Title :
Efficient and Scalable Algorithms for Inferring Likely Invariants in Distributed Systems
Author :
Jiang, Guofei ; Chen, Haifeng ; Yoshihira, Kenji
Author_Institution :
NEC Lab. America Inc., Princeton
Abstract :
Distributed systems generate a large amount of monitoring data such as log files to track their operational status. However, it is hard to correlate such monitoring data effectively across distributed systems and along observation time for system management. In previous work, we proposed a concept named flow intensity to measure the intensity with which internal monitoring data reacts to the volume of user requests. We calculated flow intensity measurements from monitoring data and proposed an algorithm to automatically search constant relationships between flow intensities measured at various points across distributed systems. If such relationships hold all the time, we regard them as invariants of the underlying systems.
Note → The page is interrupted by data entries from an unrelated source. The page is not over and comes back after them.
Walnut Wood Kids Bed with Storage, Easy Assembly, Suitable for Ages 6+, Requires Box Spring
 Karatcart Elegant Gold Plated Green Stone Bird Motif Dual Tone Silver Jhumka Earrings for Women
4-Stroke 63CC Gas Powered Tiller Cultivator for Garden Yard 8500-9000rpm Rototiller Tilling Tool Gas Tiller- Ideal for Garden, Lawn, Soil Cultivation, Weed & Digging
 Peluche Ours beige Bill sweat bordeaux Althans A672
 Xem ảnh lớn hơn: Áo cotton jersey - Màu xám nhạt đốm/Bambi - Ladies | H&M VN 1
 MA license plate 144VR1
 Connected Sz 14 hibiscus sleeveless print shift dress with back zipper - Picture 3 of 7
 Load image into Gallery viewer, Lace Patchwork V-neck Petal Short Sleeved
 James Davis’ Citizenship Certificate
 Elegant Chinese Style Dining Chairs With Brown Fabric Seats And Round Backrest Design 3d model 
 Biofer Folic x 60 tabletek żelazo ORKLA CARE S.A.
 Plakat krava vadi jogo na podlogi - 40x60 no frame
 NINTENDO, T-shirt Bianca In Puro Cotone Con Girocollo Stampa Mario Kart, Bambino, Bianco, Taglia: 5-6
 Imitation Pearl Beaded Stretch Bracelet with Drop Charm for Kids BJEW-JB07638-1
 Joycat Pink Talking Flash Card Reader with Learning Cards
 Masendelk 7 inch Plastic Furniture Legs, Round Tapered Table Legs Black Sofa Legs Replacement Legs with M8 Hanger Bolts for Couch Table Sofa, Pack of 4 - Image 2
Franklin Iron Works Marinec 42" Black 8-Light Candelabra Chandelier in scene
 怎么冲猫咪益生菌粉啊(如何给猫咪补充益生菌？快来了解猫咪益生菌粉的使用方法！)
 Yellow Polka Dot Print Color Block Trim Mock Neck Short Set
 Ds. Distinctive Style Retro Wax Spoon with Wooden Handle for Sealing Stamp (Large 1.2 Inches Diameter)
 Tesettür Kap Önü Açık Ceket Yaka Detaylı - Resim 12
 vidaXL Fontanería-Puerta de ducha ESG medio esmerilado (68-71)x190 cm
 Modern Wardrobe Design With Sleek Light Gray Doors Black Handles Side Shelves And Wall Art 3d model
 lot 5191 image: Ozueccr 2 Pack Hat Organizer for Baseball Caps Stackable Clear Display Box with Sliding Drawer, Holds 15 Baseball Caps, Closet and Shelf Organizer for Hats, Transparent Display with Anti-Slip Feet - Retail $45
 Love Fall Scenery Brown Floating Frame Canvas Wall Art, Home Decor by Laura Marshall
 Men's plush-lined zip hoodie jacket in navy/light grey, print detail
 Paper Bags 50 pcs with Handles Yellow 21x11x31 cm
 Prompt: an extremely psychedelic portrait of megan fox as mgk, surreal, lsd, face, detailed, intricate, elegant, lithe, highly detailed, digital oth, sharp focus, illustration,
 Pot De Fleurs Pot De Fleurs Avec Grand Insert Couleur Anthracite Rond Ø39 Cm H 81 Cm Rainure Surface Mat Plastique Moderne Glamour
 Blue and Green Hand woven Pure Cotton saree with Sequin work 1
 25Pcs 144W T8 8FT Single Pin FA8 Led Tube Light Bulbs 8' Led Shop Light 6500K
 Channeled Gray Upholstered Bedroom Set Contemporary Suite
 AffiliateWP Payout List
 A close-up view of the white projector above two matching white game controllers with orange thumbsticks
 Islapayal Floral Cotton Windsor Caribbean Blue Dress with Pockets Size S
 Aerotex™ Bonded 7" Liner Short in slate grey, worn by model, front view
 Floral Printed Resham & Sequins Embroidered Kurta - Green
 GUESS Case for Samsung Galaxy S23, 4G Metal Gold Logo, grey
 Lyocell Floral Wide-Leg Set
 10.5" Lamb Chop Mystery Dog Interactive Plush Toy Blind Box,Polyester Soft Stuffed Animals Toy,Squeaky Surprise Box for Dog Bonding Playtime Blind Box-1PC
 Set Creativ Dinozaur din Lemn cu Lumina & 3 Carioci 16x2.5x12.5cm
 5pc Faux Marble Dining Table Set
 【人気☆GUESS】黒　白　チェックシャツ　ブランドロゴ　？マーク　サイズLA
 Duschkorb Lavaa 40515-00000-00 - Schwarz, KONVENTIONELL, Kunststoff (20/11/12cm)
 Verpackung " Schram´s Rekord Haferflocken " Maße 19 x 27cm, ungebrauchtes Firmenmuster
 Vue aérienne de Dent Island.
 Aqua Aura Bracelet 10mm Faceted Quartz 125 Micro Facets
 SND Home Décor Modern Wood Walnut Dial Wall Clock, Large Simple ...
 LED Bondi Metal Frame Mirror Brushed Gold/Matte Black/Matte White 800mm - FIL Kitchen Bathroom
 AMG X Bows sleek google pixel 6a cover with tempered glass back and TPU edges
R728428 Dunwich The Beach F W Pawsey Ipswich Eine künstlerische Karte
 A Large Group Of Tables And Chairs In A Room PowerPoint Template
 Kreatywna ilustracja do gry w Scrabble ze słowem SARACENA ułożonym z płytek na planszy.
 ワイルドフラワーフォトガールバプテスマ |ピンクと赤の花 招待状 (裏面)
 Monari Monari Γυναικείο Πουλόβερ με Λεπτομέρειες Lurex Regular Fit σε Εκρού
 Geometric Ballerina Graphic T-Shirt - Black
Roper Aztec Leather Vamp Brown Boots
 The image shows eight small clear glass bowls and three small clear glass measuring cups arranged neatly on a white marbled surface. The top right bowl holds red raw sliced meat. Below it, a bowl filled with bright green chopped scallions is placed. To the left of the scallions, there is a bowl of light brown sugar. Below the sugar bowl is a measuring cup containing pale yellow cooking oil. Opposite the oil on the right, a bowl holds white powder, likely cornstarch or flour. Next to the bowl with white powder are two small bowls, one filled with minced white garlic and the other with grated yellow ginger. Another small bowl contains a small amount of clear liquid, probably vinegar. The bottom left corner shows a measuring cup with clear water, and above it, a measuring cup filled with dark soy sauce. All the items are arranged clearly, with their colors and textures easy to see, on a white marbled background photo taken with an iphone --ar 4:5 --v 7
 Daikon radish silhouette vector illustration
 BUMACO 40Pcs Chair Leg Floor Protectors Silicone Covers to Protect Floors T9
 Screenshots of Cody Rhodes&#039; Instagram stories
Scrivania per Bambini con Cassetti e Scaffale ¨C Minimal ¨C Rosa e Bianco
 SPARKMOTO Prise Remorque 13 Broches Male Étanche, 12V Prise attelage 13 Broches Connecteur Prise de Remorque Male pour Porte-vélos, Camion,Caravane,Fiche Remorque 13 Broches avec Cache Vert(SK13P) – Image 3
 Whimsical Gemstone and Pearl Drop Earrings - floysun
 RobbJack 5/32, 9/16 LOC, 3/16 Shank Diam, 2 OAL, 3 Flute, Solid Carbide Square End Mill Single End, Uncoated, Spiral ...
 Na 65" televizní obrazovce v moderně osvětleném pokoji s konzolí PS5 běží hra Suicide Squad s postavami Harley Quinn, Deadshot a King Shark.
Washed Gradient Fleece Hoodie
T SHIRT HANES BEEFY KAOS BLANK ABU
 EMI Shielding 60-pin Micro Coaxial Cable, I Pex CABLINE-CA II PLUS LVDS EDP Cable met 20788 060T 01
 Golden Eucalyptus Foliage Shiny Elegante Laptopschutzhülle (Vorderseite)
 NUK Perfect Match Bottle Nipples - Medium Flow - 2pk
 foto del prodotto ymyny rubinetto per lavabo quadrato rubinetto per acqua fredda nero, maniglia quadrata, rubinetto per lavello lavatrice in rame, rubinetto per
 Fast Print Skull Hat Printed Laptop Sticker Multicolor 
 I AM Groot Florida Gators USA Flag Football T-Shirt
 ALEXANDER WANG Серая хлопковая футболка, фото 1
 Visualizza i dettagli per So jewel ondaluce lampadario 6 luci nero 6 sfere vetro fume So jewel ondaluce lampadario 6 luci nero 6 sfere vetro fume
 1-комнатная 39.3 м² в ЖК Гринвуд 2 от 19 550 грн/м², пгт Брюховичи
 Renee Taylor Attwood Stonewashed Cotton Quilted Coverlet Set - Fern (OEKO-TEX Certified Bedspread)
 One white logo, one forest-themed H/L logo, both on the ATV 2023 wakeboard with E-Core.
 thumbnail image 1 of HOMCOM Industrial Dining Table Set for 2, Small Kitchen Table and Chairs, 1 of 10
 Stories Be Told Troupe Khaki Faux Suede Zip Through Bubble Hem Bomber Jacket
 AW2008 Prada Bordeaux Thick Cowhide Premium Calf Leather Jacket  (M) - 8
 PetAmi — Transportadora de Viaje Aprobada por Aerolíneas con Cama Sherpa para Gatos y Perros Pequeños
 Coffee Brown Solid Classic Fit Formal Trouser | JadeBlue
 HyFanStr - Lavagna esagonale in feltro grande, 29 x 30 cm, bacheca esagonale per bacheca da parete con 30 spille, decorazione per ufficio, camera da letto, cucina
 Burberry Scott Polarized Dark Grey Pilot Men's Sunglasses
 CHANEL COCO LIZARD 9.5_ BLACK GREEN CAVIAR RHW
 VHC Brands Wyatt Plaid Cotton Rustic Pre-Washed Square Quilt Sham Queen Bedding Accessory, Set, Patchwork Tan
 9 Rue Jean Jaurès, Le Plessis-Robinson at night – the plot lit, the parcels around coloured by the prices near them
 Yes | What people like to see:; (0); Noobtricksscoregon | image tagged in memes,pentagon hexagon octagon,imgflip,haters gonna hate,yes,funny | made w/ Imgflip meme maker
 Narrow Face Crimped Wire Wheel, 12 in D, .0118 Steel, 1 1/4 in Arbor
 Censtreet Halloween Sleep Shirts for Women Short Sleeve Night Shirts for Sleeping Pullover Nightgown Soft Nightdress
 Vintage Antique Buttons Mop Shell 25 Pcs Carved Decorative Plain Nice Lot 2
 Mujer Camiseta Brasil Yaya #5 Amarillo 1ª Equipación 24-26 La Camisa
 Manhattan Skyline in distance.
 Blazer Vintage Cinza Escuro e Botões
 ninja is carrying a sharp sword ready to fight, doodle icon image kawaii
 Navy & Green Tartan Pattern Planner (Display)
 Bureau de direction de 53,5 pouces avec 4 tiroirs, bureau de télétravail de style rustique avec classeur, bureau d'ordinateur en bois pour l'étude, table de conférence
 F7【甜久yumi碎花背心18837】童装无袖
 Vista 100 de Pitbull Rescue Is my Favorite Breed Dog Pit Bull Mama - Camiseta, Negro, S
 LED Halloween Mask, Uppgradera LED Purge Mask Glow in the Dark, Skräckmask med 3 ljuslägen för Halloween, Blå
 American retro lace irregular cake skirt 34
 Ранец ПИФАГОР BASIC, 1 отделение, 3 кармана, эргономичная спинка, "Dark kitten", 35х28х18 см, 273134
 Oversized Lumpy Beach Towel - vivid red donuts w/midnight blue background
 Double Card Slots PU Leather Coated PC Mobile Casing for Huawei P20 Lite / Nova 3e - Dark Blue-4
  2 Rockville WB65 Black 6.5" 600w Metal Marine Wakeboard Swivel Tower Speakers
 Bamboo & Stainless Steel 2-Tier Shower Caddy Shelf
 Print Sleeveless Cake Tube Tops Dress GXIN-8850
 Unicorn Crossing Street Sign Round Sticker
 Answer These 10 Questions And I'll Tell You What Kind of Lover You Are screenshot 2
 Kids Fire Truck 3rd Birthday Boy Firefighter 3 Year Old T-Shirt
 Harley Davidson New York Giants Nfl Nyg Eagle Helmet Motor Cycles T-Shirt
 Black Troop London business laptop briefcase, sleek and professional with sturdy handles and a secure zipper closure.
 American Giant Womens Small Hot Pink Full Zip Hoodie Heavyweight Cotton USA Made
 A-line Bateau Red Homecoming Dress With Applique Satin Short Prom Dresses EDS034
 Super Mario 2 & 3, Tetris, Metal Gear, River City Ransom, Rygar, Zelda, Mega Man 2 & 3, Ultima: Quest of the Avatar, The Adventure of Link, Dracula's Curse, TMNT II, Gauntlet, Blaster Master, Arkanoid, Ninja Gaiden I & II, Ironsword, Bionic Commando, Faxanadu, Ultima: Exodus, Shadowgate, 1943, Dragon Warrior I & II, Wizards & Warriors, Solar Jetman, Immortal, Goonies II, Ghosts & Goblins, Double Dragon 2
Invariants can be used to characterize complex systems and support various system management tasks. However, the computational complexity of the previous invariant search algorithm is high so that it may not scale well in large systems with thousands of measurements. In this paper, we propose two efficient but approximate algorithms for inferring invariants in large-scale systems. The computational complexity of new randomized algorithms is significantly reduced, and experimental results from a real system are also included to demonstrate the accuracy and efficiency of our new algorithms.
Keywords :
computational complexity; distributed processing; randomised algorithms; approximate algorithms; computational complexity; data monitoring; distributed systems; invariant inferring; large-scale systems; log files; operational status tracking; randomized algorithms; system management; Computational complexity; Computerized monitoring; Costs; Fault detection; Fluid flow measurement; Hardware; Helium; Large-scale systems; Management information systems; Volume measurement; Algorithms for data and knowledge management; Analysis of Algorithms and Problem Complexity; Data mining; Distributed Systems; System Management; Time series analysis;
Journal_Title :
Knowledge and Data Engineering, IEEE Transactions on
DOI :
10.1109/TKDE.2007.190648